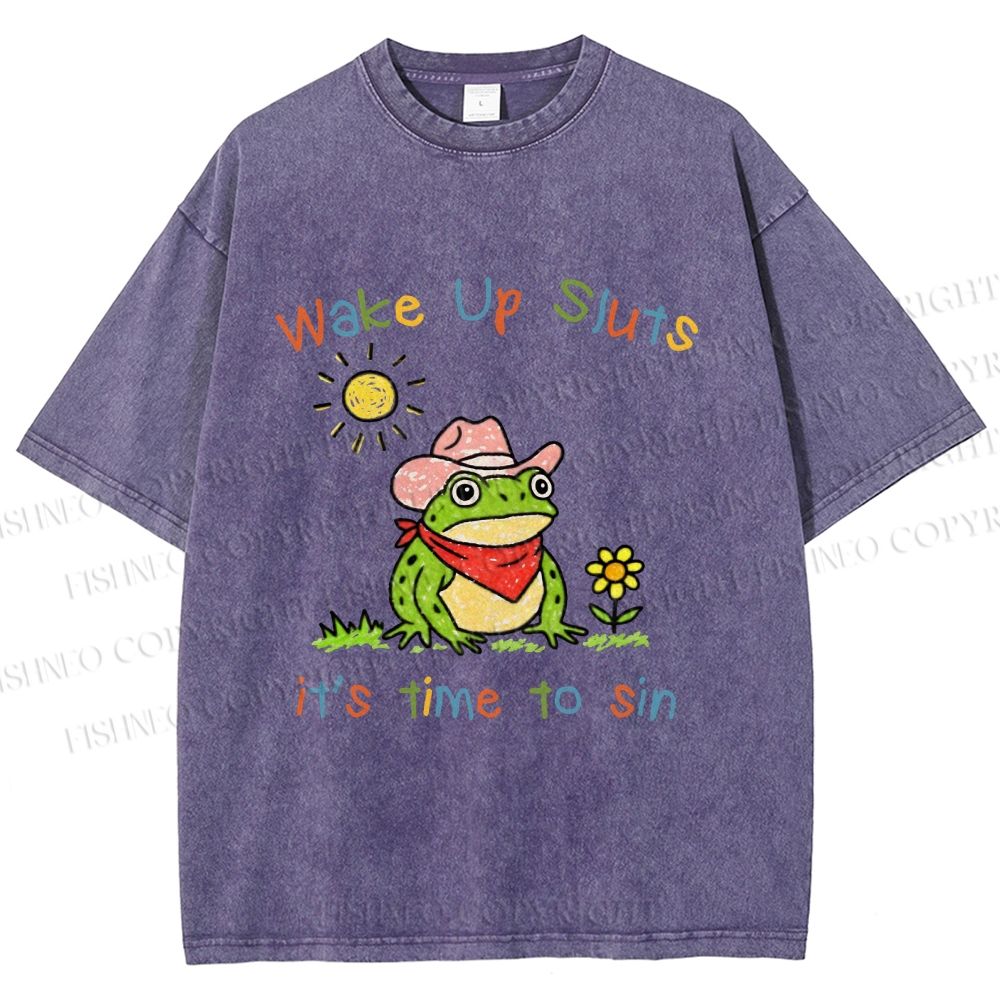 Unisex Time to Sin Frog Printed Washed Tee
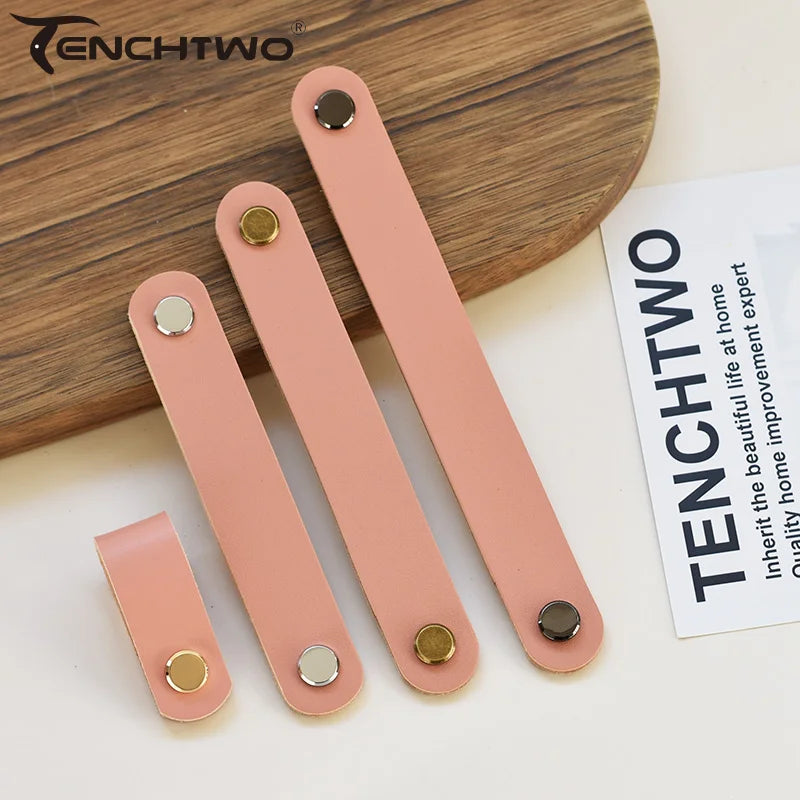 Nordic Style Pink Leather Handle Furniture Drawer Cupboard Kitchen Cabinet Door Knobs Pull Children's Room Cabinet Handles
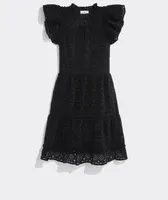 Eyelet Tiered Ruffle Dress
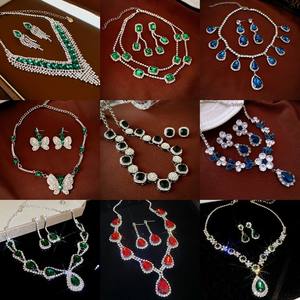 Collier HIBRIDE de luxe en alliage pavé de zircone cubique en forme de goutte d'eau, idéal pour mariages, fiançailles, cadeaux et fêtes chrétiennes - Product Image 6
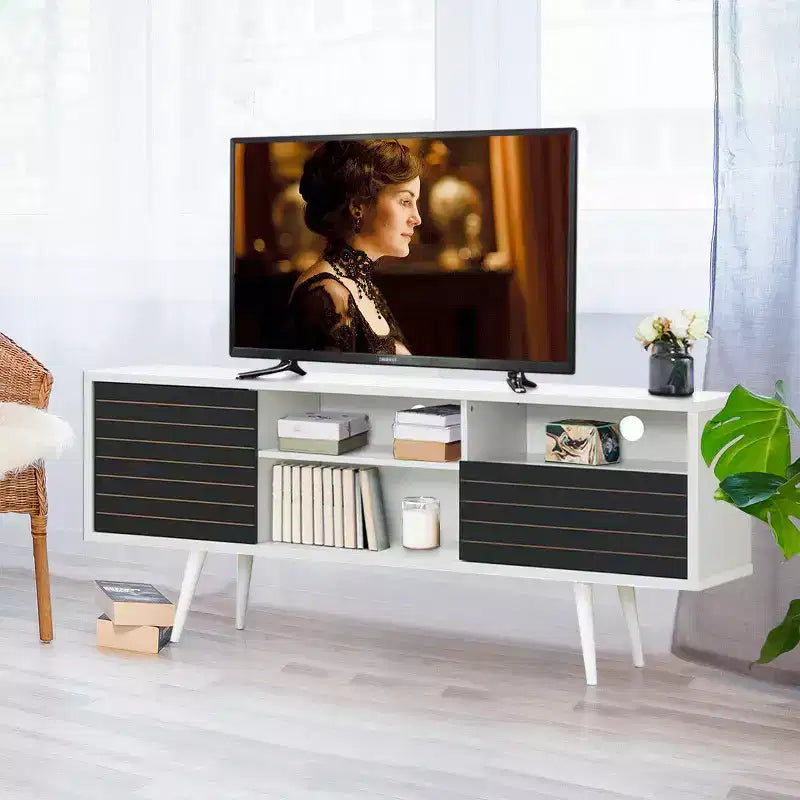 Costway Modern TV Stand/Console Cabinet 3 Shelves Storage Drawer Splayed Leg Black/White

※ ※ ※

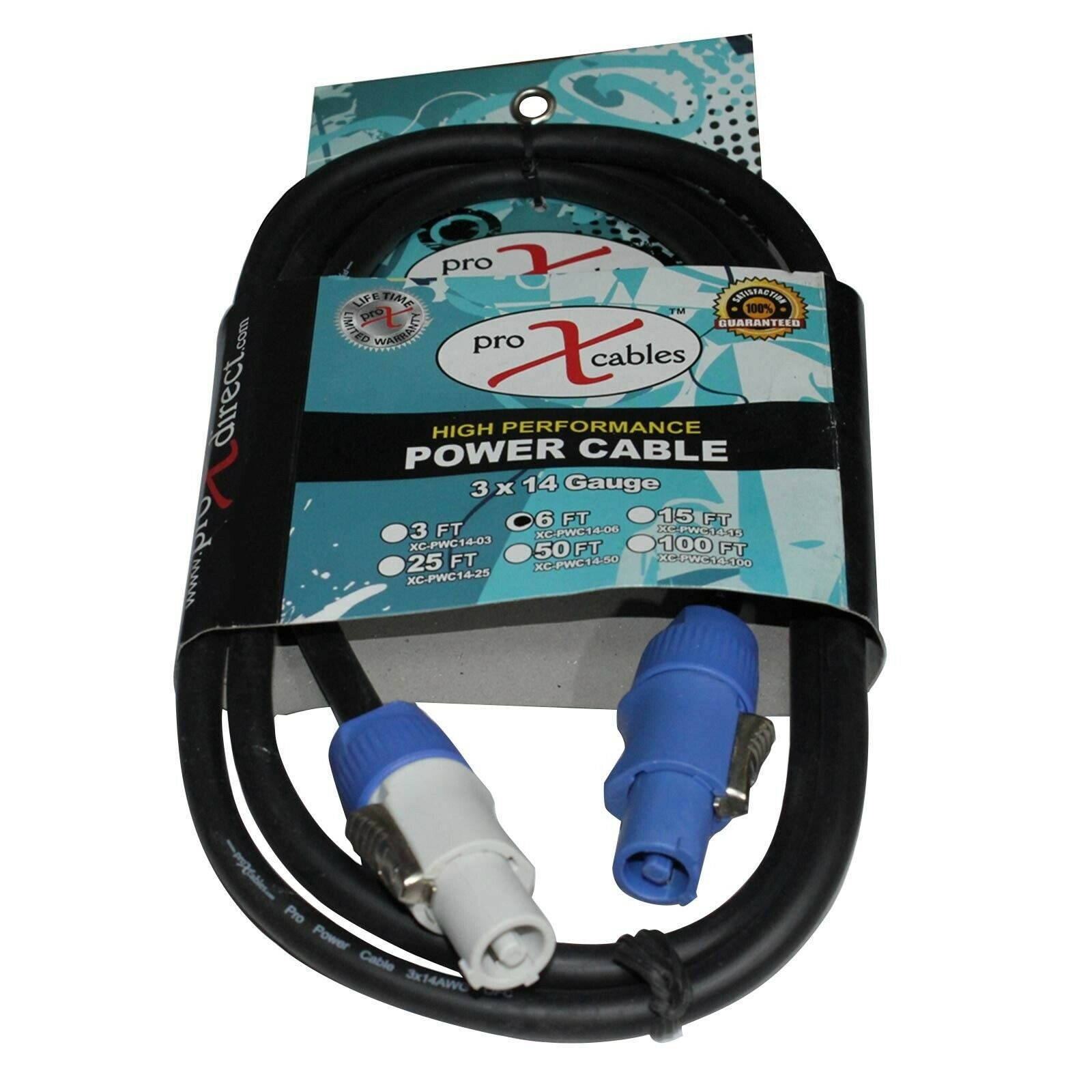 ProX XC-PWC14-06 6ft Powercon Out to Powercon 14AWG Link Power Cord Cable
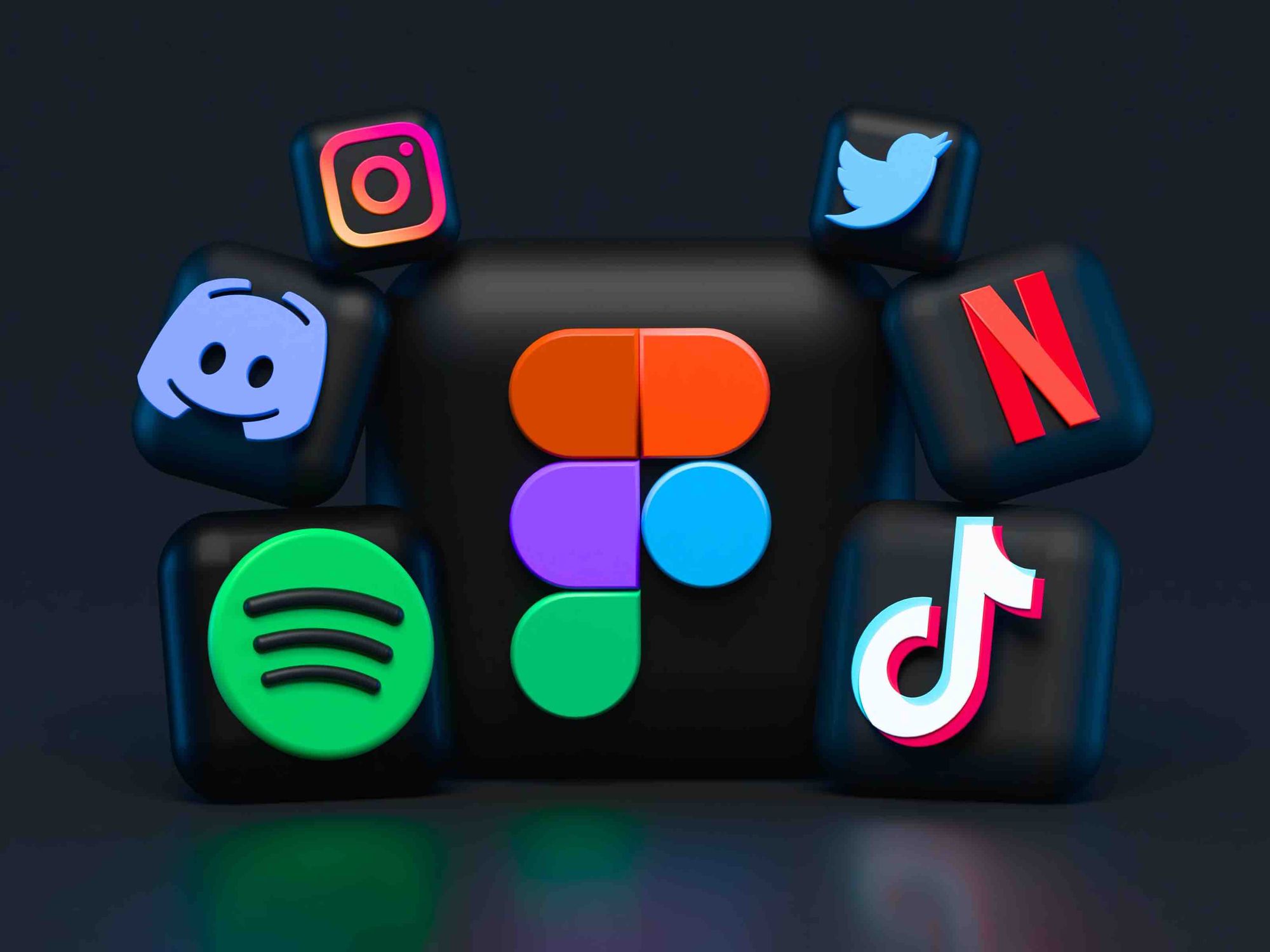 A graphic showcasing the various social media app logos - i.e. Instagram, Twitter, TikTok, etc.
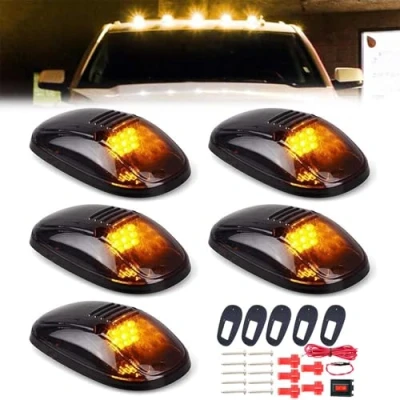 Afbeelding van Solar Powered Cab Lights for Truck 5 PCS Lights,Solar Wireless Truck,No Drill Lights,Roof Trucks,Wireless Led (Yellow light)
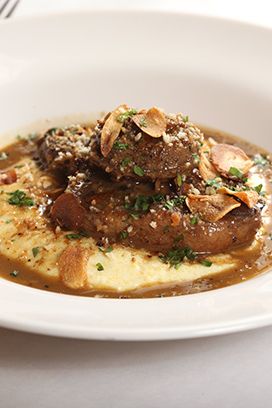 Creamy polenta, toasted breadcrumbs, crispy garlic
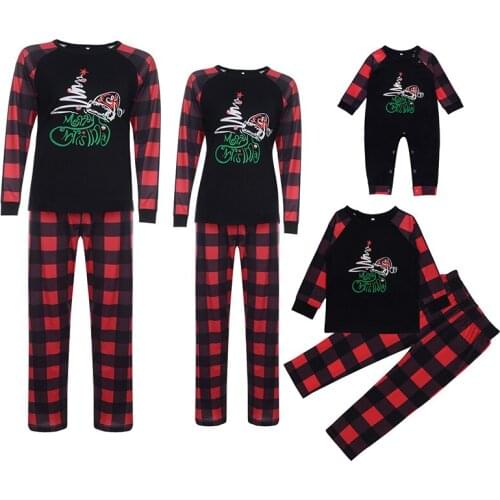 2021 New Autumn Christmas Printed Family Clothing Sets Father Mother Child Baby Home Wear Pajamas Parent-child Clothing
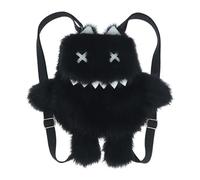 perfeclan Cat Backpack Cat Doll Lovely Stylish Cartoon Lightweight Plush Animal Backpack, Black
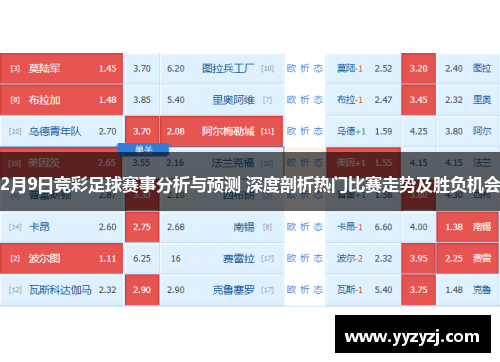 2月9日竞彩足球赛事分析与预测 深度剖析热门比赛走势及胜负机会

※ ※ ※

__WORK ORDER__.
Word for word, retype the lines in the entries above that run from the one with "Unisex Time to Sin Frog Printed Washed Tee" through the one with "Costway Modern TV". Both ends count; pictures do not.

__RESULT__.
 Unisex Time to Sin Frog Printed Washed Tee
 Nordic Style Pink Leather Handle Furniture Drawer Cupboard Kitchen Cabinet Door Knobs Pull Children's Room Cabinet Handles
 Eyelet Tiered Ruffle Dress
 Collier HIBRIDE de luxe en alliage pavé de zircone cubique en forme de goutte d'eau, idéal pour mariages, fiançailles, cadeaux et fêtes chrétiennes - Product Image 6
 Costway Modern TV Stand/Console Cabinet 3 Shelves Storage Drawer Splayed Leg Black/White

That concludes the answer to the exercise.